In the three Phase III and IV cSSSI trials, five Phase III and IV cIAI trials, and the two Phase III CAP trials, no additional therapy was added to the tigecycline-treatment arms. Comparator arms contained single or combined therapies, including vancomycin plus aztreonam, imipenem–cilastatin, ceftriaxone sodium plus metronidazole, levofloxacin, vancomycin or linezolid, vancomycin ± ertapenem, and ampicillin–sulbactam or amoxicillin–clavulanate, depending upon the particular study.^22–24

End points

Demographic and baseline characteristics were summarized for all patients with Acinetobacter infections in the ME population by infection type and treatment group. Clinical and microbiological responses by treatment group at test of cure were assessed for patients with Acinetobacter infections in the ME and m-MITT populations and a subset of patients with MDR Acinetobacter infections. Cure was defined as resolution or improvement of the infection such that no further antibacterial therapy was required. Clinical response was calculated as rate of cure at test of cure.

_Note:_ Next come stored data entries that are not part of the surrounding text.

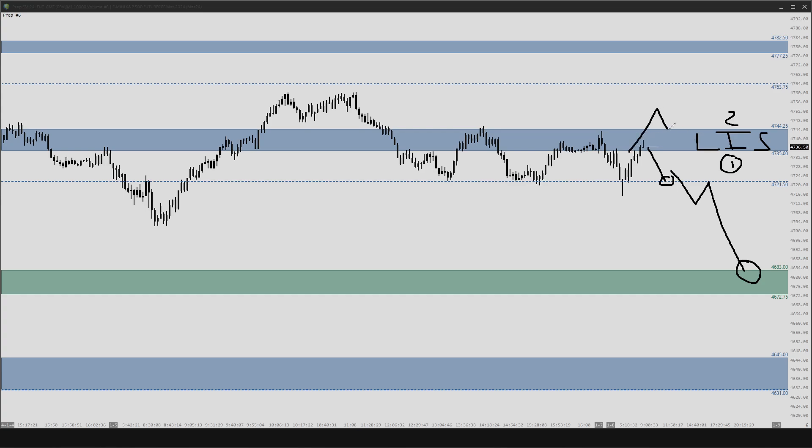If we get up above this neutral zone here, we'd be looking for that first target area around the 47.63s and then a possible continuation up into our main target, which would be around the 47.80s zone.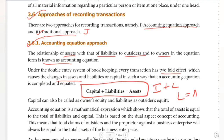Liabilities is equal to assets. So assets is equal to liabilities. That means Capital plus Liabilities is equal to Assets. Capital can also be called Owners' Equity, and Liabilities can be called Outsiders' Equity.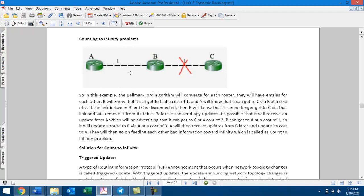This is the wrong information, which means that B to C has a cost of 1, but that link is no longer available. This means that A to C now has a cost of 3, and B to A has a cost of 1, so A to C is the cost of 3.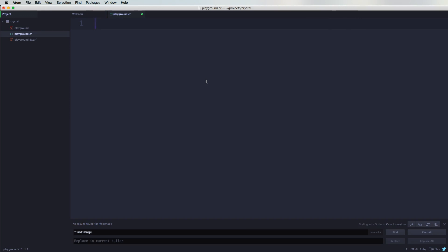To see it again and explain it a little bit better, let's say you want to create a variable and you say 'sentence'. You say sentence equals, and the moment you do those double quotes, that's a string. So whatever is inside of it, that's what's part of that string.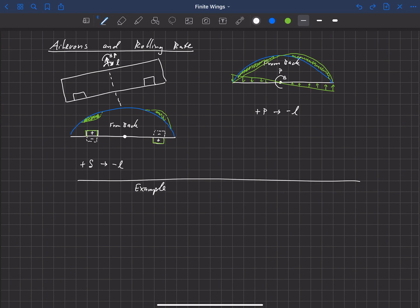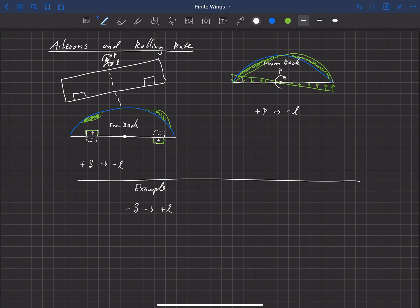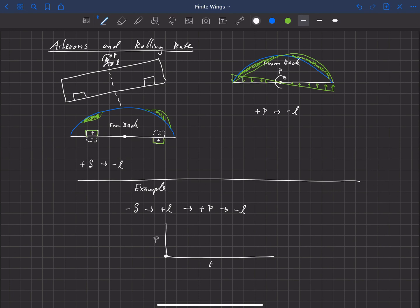Let's put these two effects together in a dynamic example. Say we're flying along and we start with a negative aileron deflection, negative δ. That creates a positive rolling moment about our roll axis, and the aircraft begins to roll — right wing down — creating a positive rolling rate. That positive rolling rate then creates a negative rolling moment. Looking at the roll rate of the aircraft as a function of time: we started at zero, applied the negative deflection, got a positive rolling moment, and began to roll.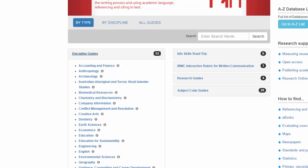The Discipline Guides and Subject Code Guides are designed to help you know which resources and databases are useful for your discipline or subjects.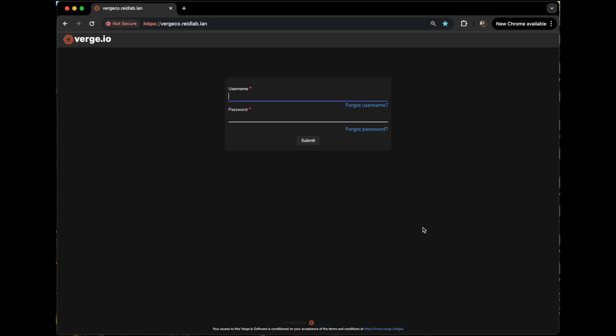Hi, this is Aaron Reid. I'm a principal systems engineer at Verge I.O. And this has probably been on the back burner for a while. But basically in this demo, I'm going to show how we can migrate multiple VMs from a VMware environment into the Verge OS hypervisor stack.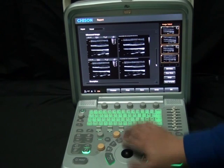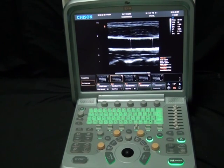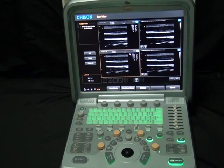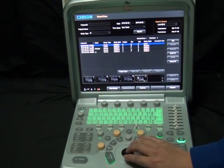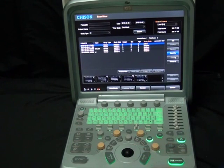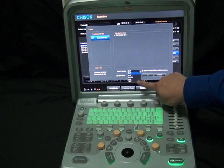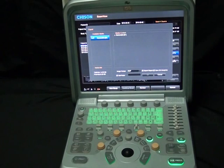Press the print key to print the report in different formats — we support both video printer and PC printer. As images are saved in the machine, there are several ways to export them to a USB disk. Insert the USB disk, press the archive key, select archive, then choose to send or backup the images. We can choose different formats for the transfer: BMP, JPEG, DICOM, PNG, or TIFF. The send option transfers files directly to AVI format, so you can read them on a PC directly.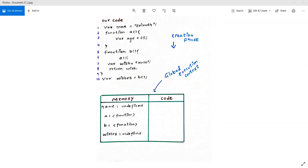When you run your JavaScript code, a global execution context is created and that global execution context is created in two phases. The first phase is the memory creation phase and the second one is the execution phase. In the memory creation phase, the JavaScript engine will allocate memory to all variables and functions. For variables, instead of giving the actual value, JavaScript will put a special value or placeholder called 'undefined'. But in case of a function, the entire function is stored inside the memory.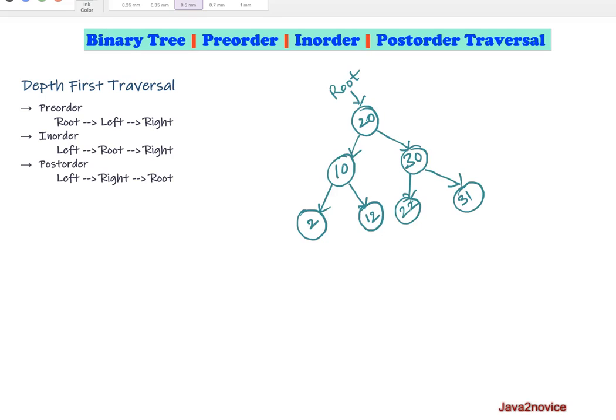In our previous video we discussed and implemented breadth-first based traversal, which is level order traversal, where we start with the root node and visit all nodes from left to right at the same level before moving to the next level. In this session we will discuss depth-first based traversals: pre-order, in-order, and post-order traversals.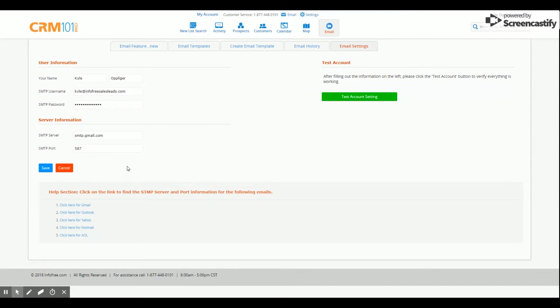At this point, your email address is synced and you are ready to begin creating templates and sending emails to your prospects.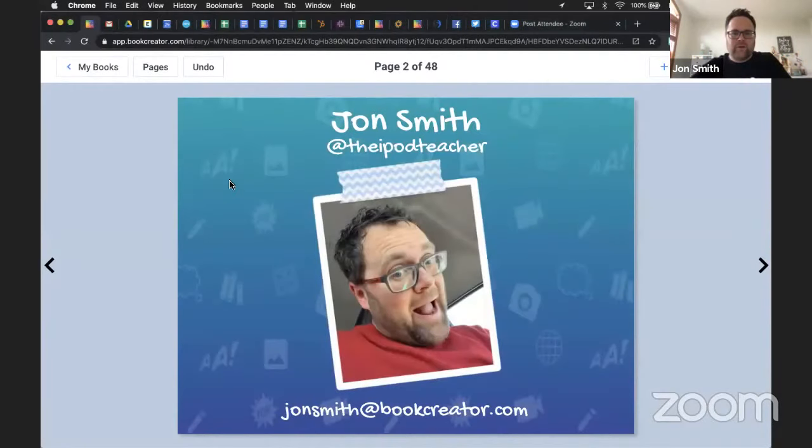Welcome to Book Creator and your questions answered. Let me pull up a quick page in my book so I can tell you who I am. My name is John Smith. I am the iPod teacher on Twitter and johnsmith at bookcreator.com. Welcome to our live webinar today on YouTube where we are going to answer your questions about Book Creator.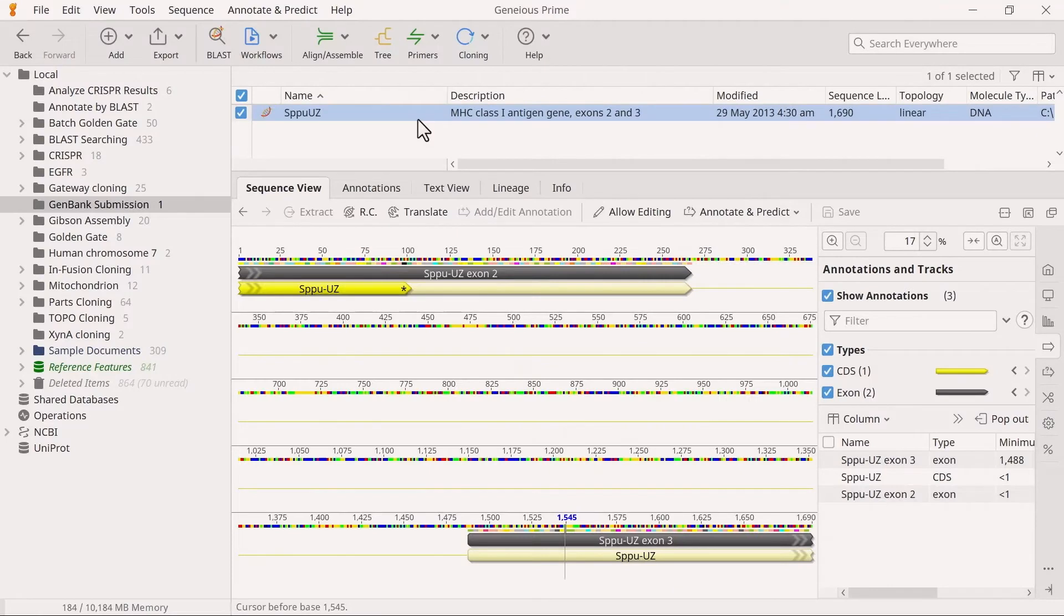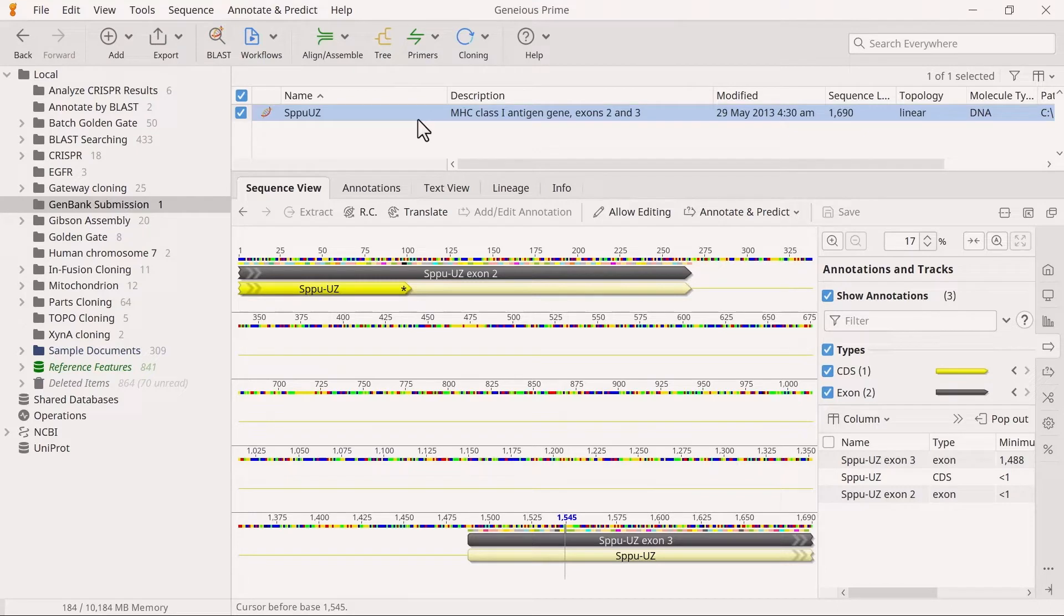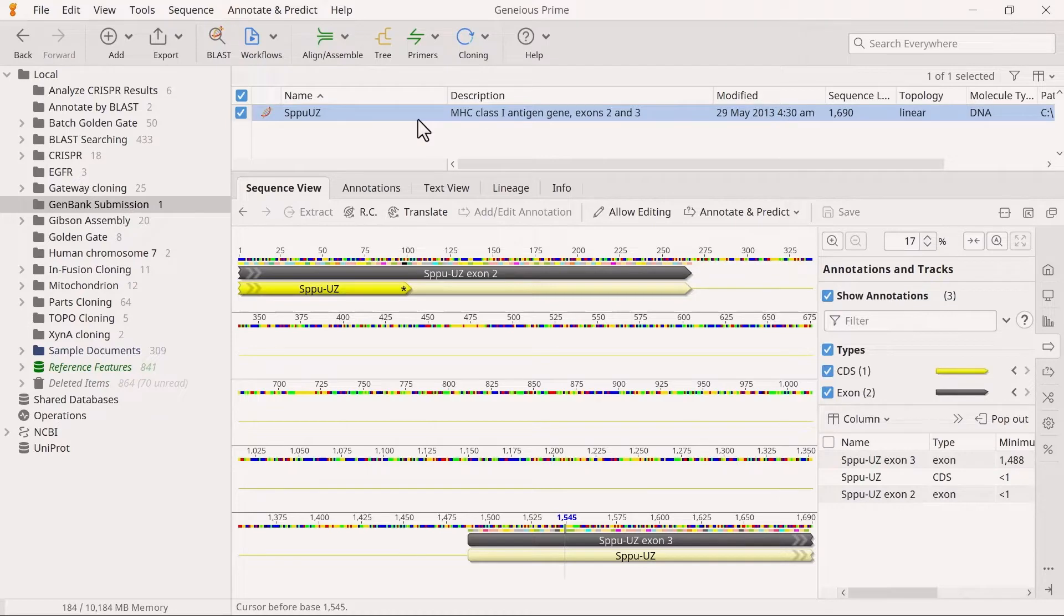The first step involves adding general information about the sequence, including a description, source organism, tissue type, geographic location, sampling dates, etc. All GenBank submissions require this information.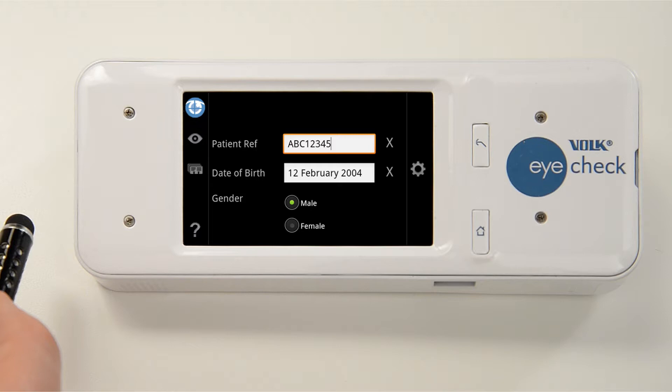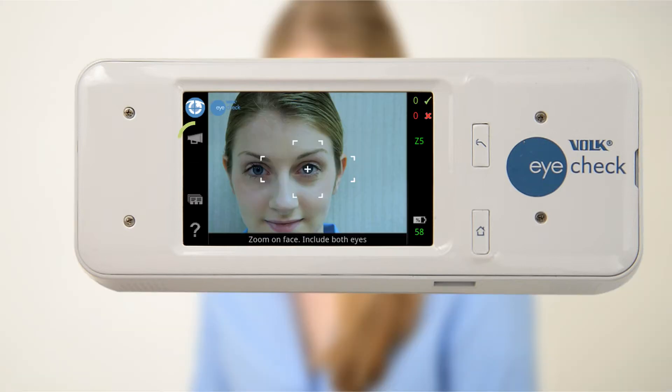The optical lens will extend and automatically be set to the correct zoom setting. The megaphone icon on the left hand side will only appear when the sound feature has been switched on. If you'd like to use the sound feature, press this icon to initialize sound.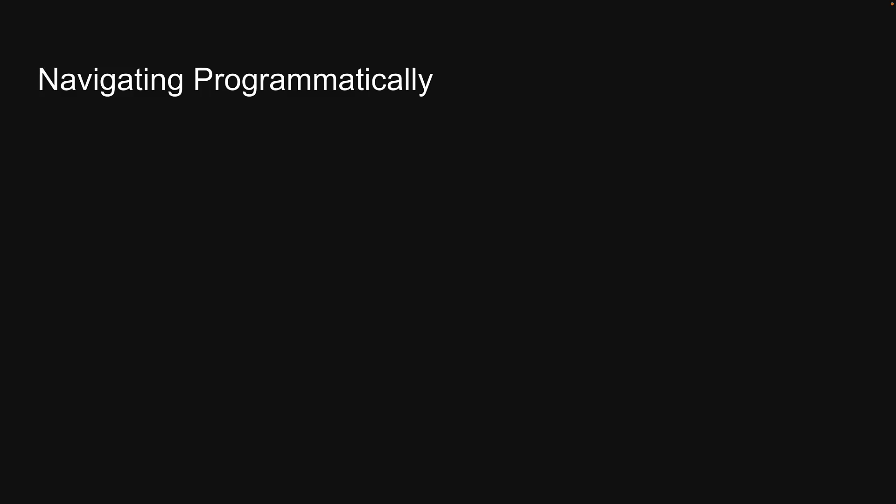Welcome back. Previously, we learned how to navigate to different routes using the link component. While the link component is generally sufficient, there are situations where we need to programmatically navigate to a specific route.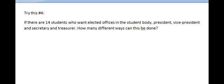Try this: if there are 14 students who want elected offices — President, Vice President, Secretary, and Treasurer — how many different ways can this be done?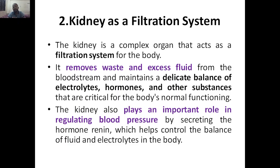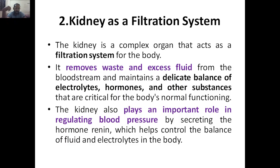The kidney also plays an important role in regulating blood pressure. If the kidney is not functioning properly, you might have variation in BP. It regulates blood pressure by secreting a hormone called renin. With the help of renin, it is regulating the BP, which helps to control the balance of fluid and electrolytes in the body. So the function of renin is to help control the balance of fluids as well as electrolytes in the body.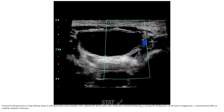Ultrasound in a 5-day-old shows a well-extended urinary bladder with dilated left distal ureter with moderate urothelial thickening — a nonspecific finding that can be seen in megaureter, plus or minus vesicoureteral reflux, or could be related to infection.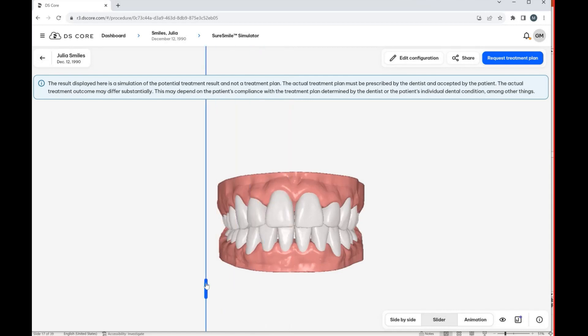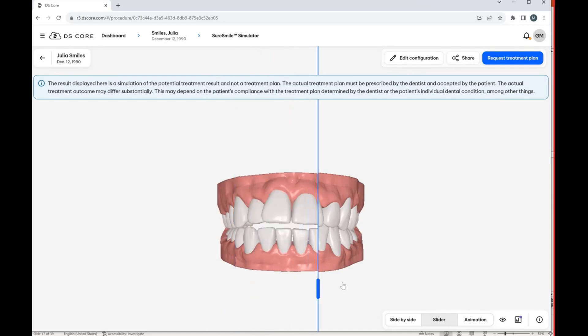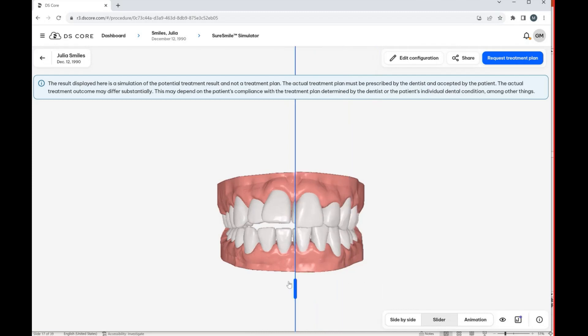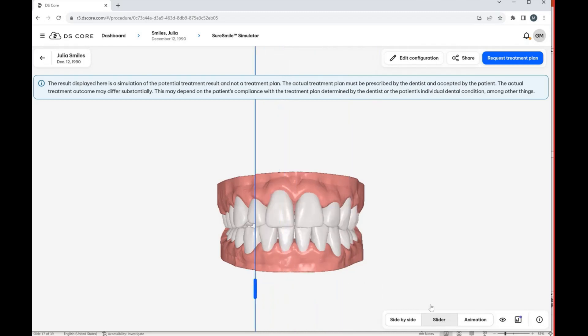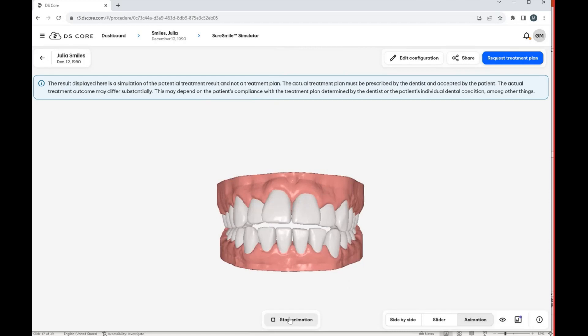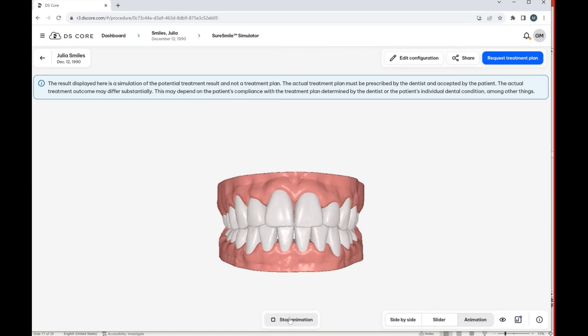which we just did, and then now the slider view to again show them what their treatment could look like. And then we also have the animation option. So we can basically play an animation of approximately what the treatment would look like.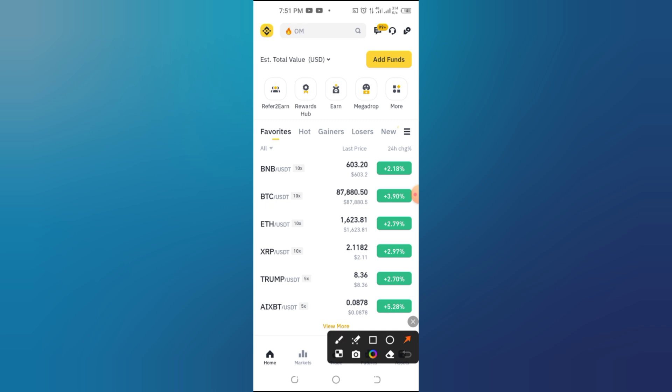Step 1: Open the Binance app. Start by opening the Binance app on your phone and logging into your account.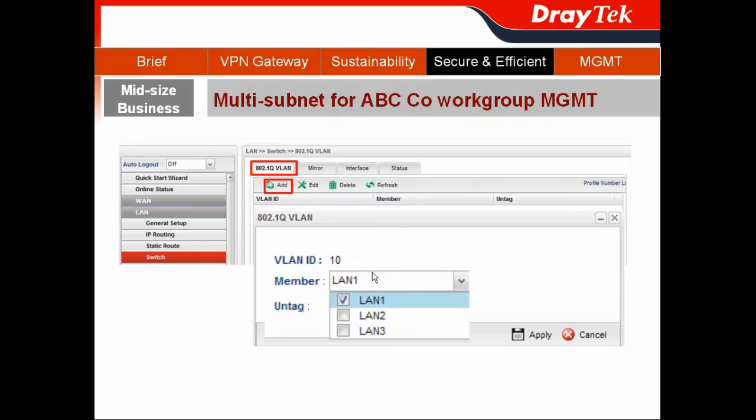you can set its member to LAN1 only, so it cannot communicate with other subnets. Then hit Apply.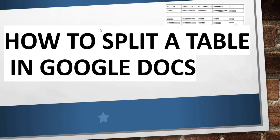Hello friends, good morning and welcome to the channel. Today in this video I will show you how to split a table in Google Docs.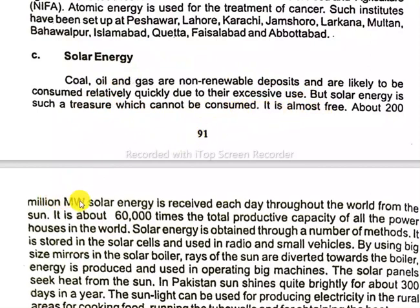About 200 million megawatts of solar energy is received each day from the sun.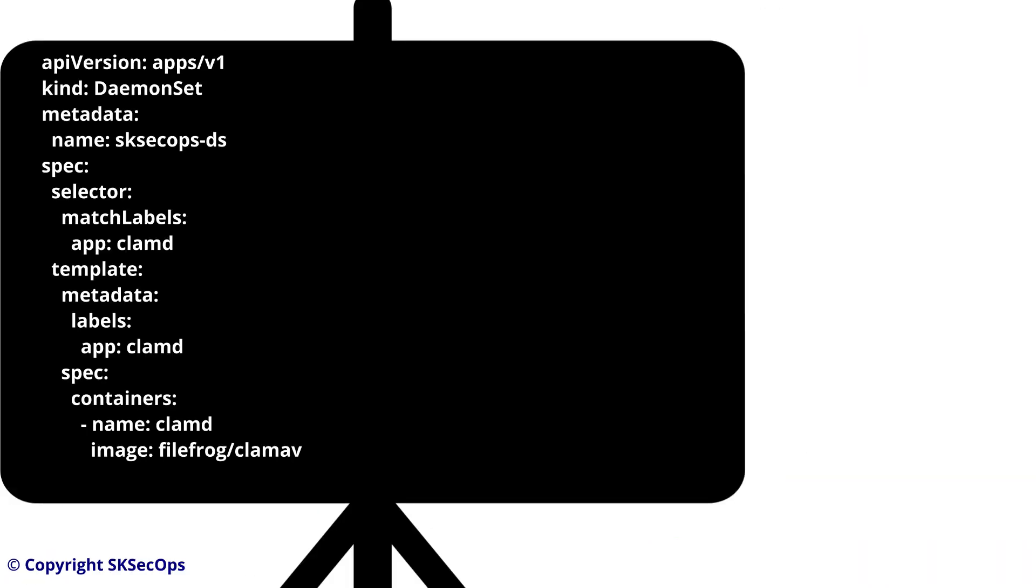Now we will also understand daemon set manifest file and its highlights. Here we need to specify kind as daemon set because we are writing a manifest file of daemon set. You can give any name for your daemon set based on your requirement, but I have given the name as sksecops-ds, where ds means daemon set.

Reasons for discontinuation of study drugs and study withdrawals were summarized for the MITT population overall and by infection type. All-cause mortality was summarized for the MITT population and also by infection type.

Statistical methods

No formal statistical hypothesis was tested on the Acinetobacter-infected population; results were descriptive only, with no comparisons between treatment groups except for baseline demographics. Baseline categorical variables (eg, sex, prior antibiotic failure, and bacteremia) were compared between treatment groups using Fisher’s exact test or c² test, as appropriate, and continuous variables (eg, age) were compared using analysis of variance. P<0.05 was considered statistically significant. Efficacy data were not combined across different indications. The number and percentage of patients attaining clinical and microbiological success are presented as 95% CIs for each treatment group calculated using the Clopper–Pearson “exact” method.

Results

Patient population

A total of 174 patients in the ME population of the 14 Phase III and IV studies were identified as having Acinetobacter spp. infections and included in this analysis: 95 patients received tigecycline and 79 a comparator drug (Table 1). Acinetobacter spp. were isolated in all infection types, except CAP patients in the comparator group. In general, baseline characteristics were comparable between the tigecycline-treatment group and the comparator group (Table 1), except that patients with cIAIs who were treated with tigecycline were much older (mean age 53.7 years for tigecycline vs 32.7 years for comparator, P=0.003). Results were similar in the m-MITT population (data not shown).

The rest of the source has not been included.